**The data**
[Start of Attachment]
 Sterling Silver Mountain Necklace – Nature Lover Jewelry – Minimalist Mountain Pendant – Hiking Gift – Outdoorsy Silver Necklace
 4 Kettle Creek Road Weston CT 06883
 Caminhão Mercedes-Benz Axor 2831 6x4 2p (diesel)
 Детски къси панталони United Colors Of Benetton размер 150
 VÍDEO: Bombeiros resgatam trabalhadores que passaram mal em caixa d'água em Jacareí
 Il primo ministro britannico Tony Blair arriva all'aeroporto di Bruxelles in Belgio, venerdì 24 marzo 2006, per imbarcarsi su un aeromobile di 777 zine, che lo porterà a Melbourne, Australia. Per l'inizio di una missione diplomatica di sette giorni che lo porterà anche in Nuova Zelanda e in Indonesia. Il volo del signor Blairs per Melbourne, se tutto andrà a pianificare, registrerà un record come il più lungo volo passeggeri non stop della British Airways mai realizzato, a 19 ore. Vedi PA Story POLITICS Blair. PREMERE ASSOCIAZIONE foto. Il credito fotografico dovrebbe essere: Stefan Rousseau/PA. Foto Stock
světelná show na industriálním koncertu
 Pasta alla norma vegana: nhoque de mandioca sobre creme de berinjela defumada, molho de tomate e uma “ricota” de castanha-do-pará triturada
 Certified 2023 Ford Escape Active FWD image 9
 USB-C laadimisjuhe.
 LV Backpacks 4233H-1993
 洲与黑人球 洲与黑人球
[End of Attachment]
Starting at the line in the records above that contains "Caminhão Mercedes-Benz Axor", output every line up to and including the last one, with nothing added.

**Output for this task**
 Caminhão Mercedes-Benz Axor 2831 6x4 2p (diesel)
 Детски къси панталони United Colors Of Benetton размер 150
 VÍDEO: Bombeiros resgatam trabalhadores que passaram mal em caixa d'água em Jacareí
 Il primo ministro britannico Tony Blair arriva all'aeroporto di Bruxelles in Belgio, venerdì 24 marzo 2006, per imbarcarsi su un aeromobile di 777 zine, che lo porterà a Melbourne, Australia. Per l'inizio di una missione diplomatica di sette giorni che lo porterà anche in Nuova Zelanda e in Indonesia. Il volo del signor Blairs per Melbourne, se tutto andrà a pianificare, registrerà un record come il più lungo volo passeggeri non stop della British Airways mai realizzato, a 19 ore. Vedi PA Story POLITICS Blair. PREMERE ASSOCIAZIONE foto. Il credito fotografico dovrebbe essere: Stefan Rousseau/PA. Foto Stock
světelná show na industriálním koncertu
 Pasta alla norma vegana: nhoque de mandioca sobre creme de berinjela defumada, molho de tomate e uma “ricota” de castanha-do-pará triturada
 Certified 2023 Ford Escape Active FWD image 9
 USB-C laadimisjuhe.
 LV Backpacks 4233H-1993
 洲与黑人球 洲与黑人球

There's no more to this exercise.